**TRY IT**
Every line of the listing belongs in your answer exactly as written; the images do not.

**GIVEN INFORMATION**
◆ ◆ ◆ ◆ ◆
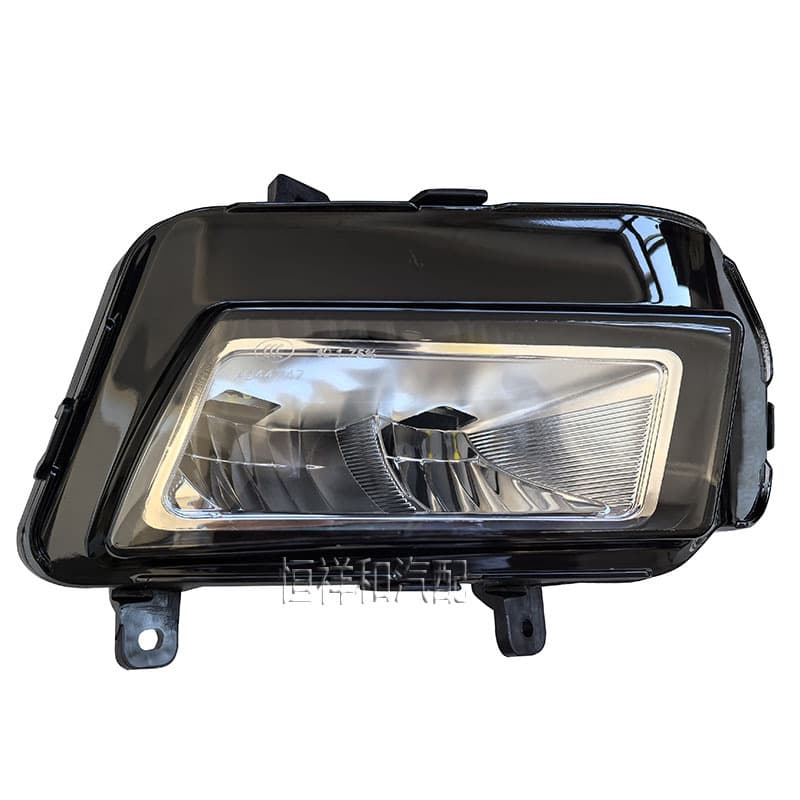 Suitable for 19-20 Volkswagen Passat front fog lights, front bumper grille lighting assembly, front anti-fog lights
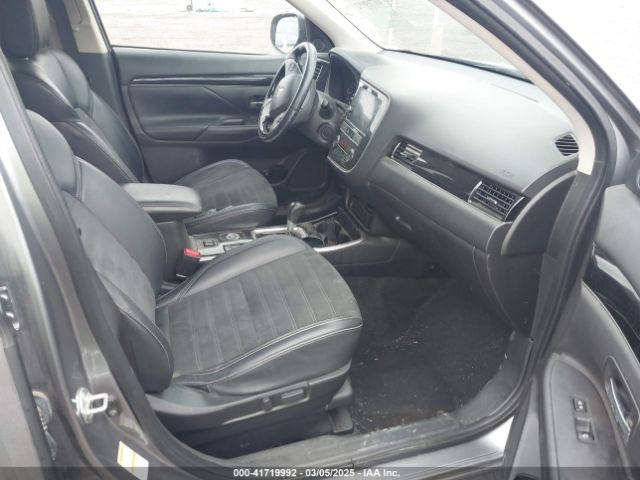 JA4AZ3A35KZ045335 Mitsubishi Outlander Se
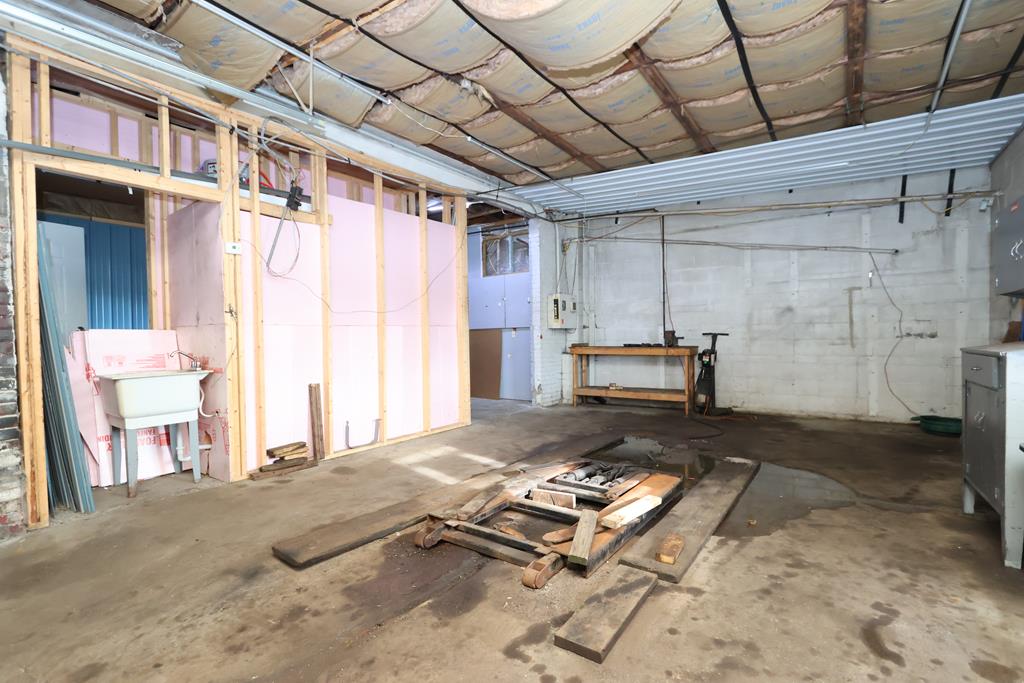 322 N Sandusky Avenue, Bucyrus, Ohio 44820, ,Commercial Sale,For Sale,Sandusky Avenue,9067064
◆ ◆ ◆ ◆ ◆
**ANSWER FOR THIS EXERCISE**
 Suitable for 19-20 Volkswagen Passat front fog lights, front bumper grille lighting assembly, front anti-fog lights
 JA4AZ3A35KZ045335 Mitsubishi Outlander Se
 322 N Sandusky Avenue, Bucyrus, Ohio 44820, ,Commercial Sale,For Sale,Sandusky Avenue,9067064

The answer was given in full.